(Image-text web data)
____

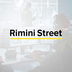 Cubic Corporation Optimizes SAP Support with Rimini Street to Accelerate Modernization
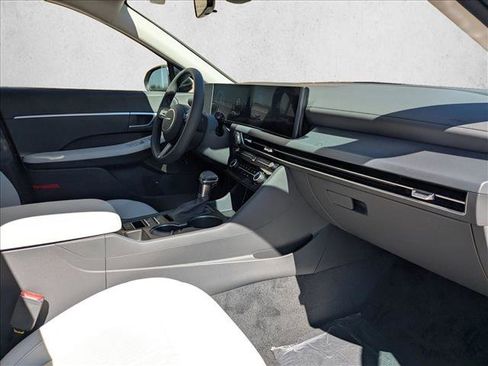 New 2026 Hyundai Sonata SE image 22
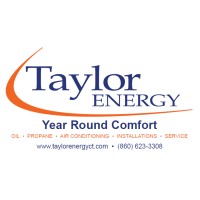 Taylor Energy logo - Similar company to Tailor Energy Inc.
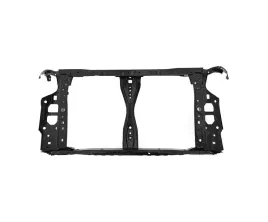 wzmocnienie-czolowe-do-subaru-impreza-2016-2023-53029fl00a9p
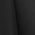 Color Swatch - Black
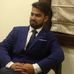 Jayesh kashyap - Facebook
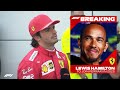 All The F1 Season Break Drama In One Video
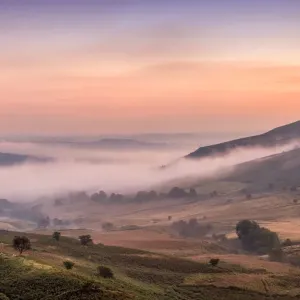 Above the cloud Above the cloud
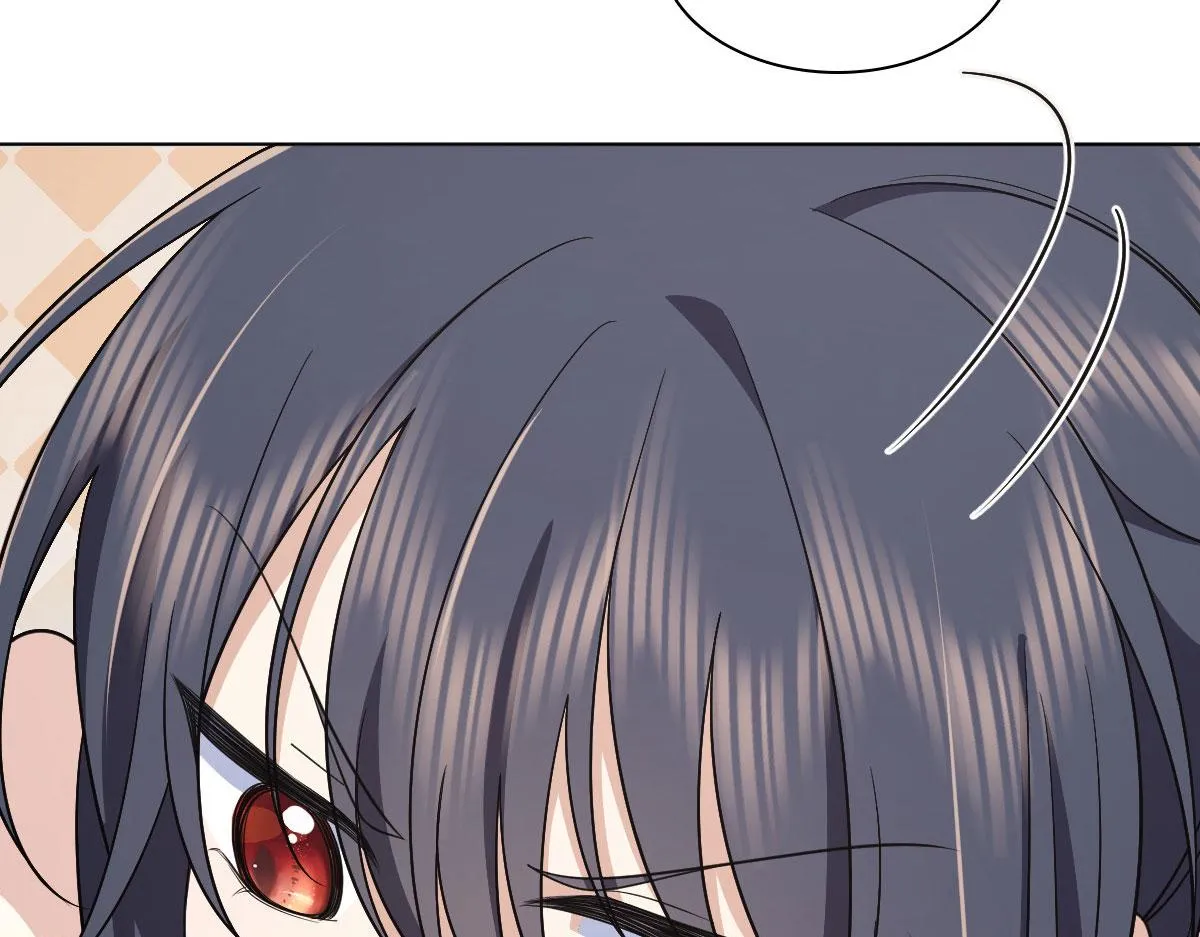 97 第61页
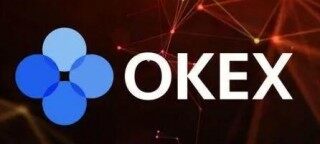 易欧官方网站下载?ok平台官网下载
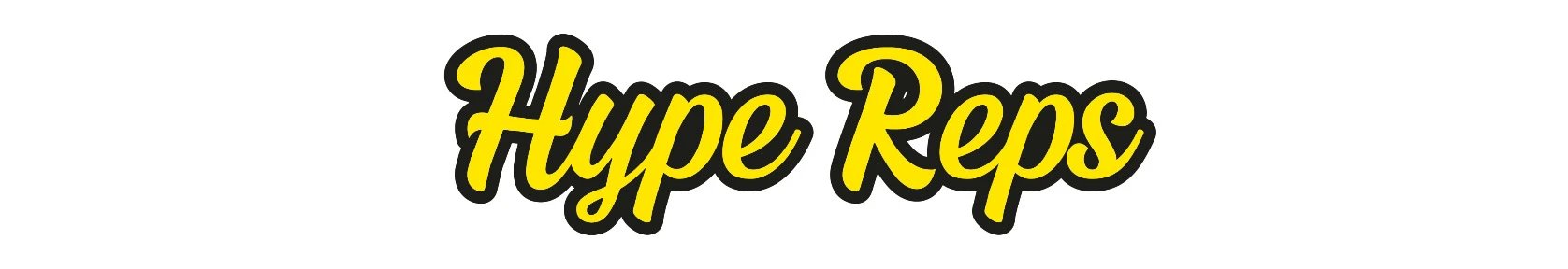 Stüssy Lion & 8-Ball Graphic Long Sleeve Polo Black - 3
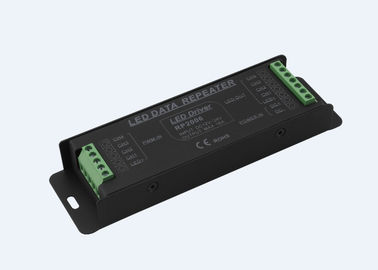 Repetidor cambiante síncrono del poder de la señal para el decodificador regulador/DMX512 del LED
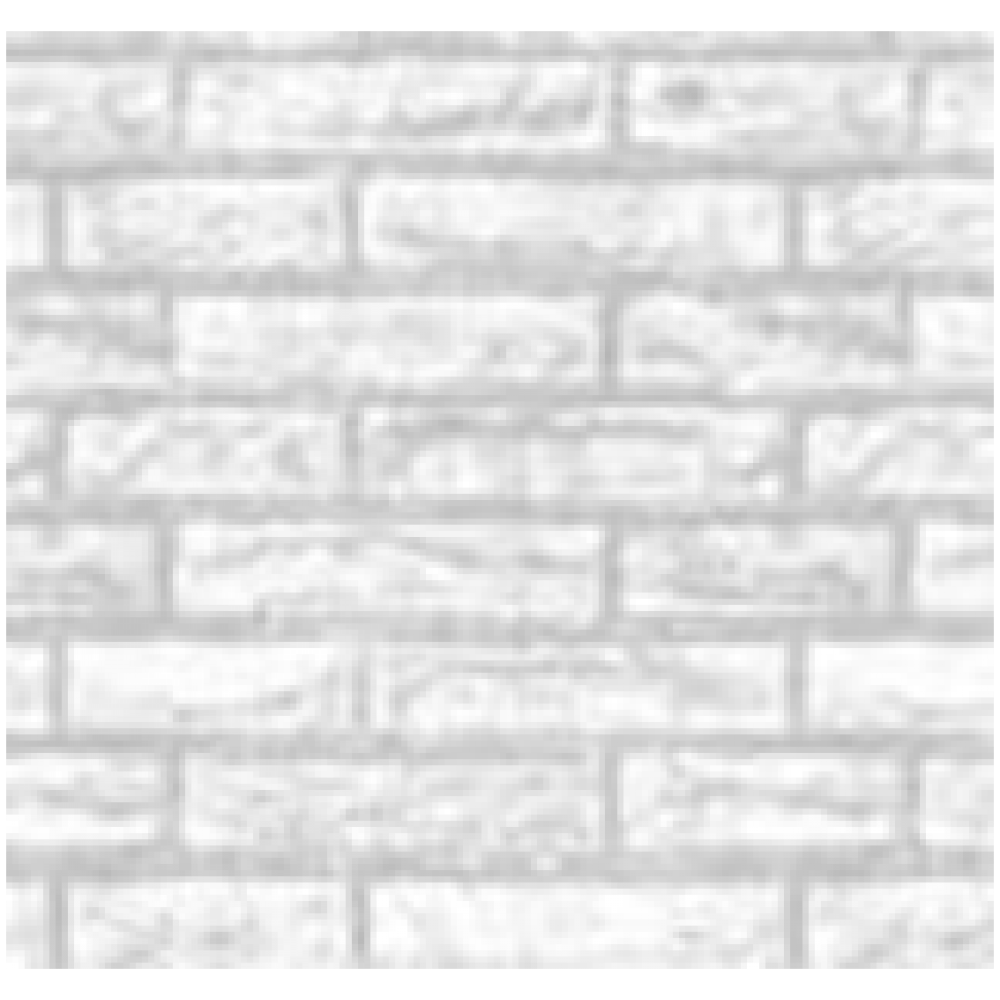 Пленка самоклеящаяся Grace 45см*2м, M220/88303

____

__TO DO__
Pictures stay out; reproduce every line of the records exactly.

__WRITTEN SOLUTION__
 Cubic Corporation Optimizes SAP Support with Rimini Street to Accelerate Modernization
 New 2026 Hyundai Sonata SE image 22
 Taylor Energy logo - Similar company to Tailor Energy Inc.
 wzmocnienie-czolowe-do-subaru-impreza-2016-2023-53029fl00a9p
 Color Swatch - Black
 Jayesh kashyap - Facebook
 All The F1 Season Break Drama In One Video
 Above the cloud Above the cloud
 97 第61页
 易欧官方网站下载?ok平台官网下载
 Stüssy Lion & 8-Ball Graphic Long Sleeve Polo Black - 3
 Repetidor cambiante síncrono del poder de la señal para el decodificador regulador/DMX512 del LED
 Пленка самоклеящаяся Grace 45см*2м, M220/88303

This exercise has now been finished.